Listing the root directory of the template repository illustrates the structure:

./app-configuration.yaml
./dc-collection.yaml
./dc-image/Difference engine.yaml
./dc-image/Donald Knuth.yaml
./dc-image/Douglas Engelbart.yaml
./dc-image/Linus Torvalds.yaml
./dc-image/Linux.png
./dc-image/Linux.yaml
./dc-image/TeX.png
./dc-image/TeX.yaml
./dc-image/Tim Berners-Lee.yaml
./dc-image/World Wide Web.png
./dc-image/World Wide Web.yaml
./dc-image/oN-Line System.yaml
./dc-physical-object/Difference engine.md
./dc-physical-object/Linux.md
./dc-physical-object/TeX.md
./dc-physical-object/World Wide Web.md
./dc-physical-object/oN-Line System.md
./foaf-person/Charles Babbage.yaml
./foaf-person/Donald Knuth.yaml
./foaf-person/Douglas Engelbart.yaml
./foaf-person/Linus Torvalds.yaml
./foaf-person/Tim Berners-Lee.yaml

Singleton files

In the listing above, ./dc-collection.yaml corresponds to a singleton instance of DcCollection, the Dublin Core logical model of a Paradicms Collection conceptual model.

The stem (dc-collection) of the file is named after the class, or a variant of the class name:

  • DcCollection: the exact class name (camel case) documented in the logical data models reference
  • dc_collection: snake case variant of the class name
  • dc-collection: spinal case variant of the class name

Class directories

In the listing above, ./foaf-person and ./dc-physical-object are class directories corresponding to the FoafPerson and DcPhysicalObject classes in the Paradicms logical data models, respectively.

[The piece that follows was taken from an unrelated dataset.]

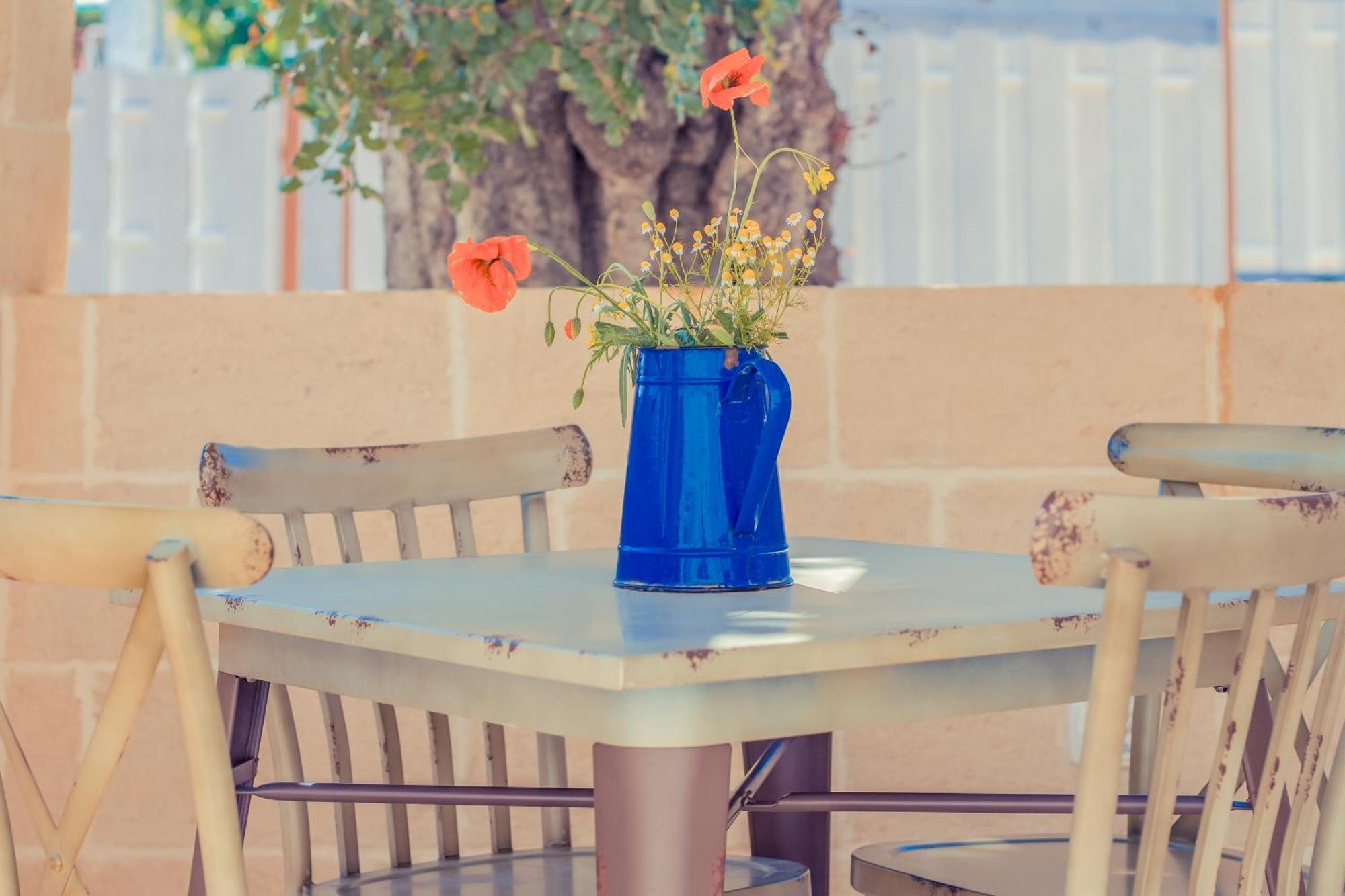فيلا Navolte Trulli E Quiete Con Piscina لوكوروتوندو المظهر الخارجي الصورة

The class directories can also be named with variants of the class names:

  • FoafPerson: the exact class name (camel case) documented in the logical data models reference
  • foaf_person: snake case variant of the class name
  • foaf-person: spinal case variant of the class name

The listing above uses spinal case (foaf-person).

Files in a class directory

./foaf-person/Linus Torvalds.md in the listing above is a Markdown file describing an instance of the class FoafPerson. The "File format" section below documents the format of these files in detail.

Image data

Image data (.jpg, .png) should sit directly alongside the associated Image (metadata) in directory corresponding to an Image implementation, as in these files from the listing above:

./dc-image/World Wide Web.png
./dc-image/World Wide Web.yaml

File formats

Files in the directory structure can use a variety of formats. The following sections document the formats as well as the process of converting the formats to RDF for use in Paradicms. Converting each file in the directory tree to RDF produces a set of RDF graphs that can be consumed by Paradicms apps.

JSON files

As noted above, the directory structure and naming conventions mean that every file is associated with a class in the Paradicms logical data models. Each class has an associated JSON-LD context.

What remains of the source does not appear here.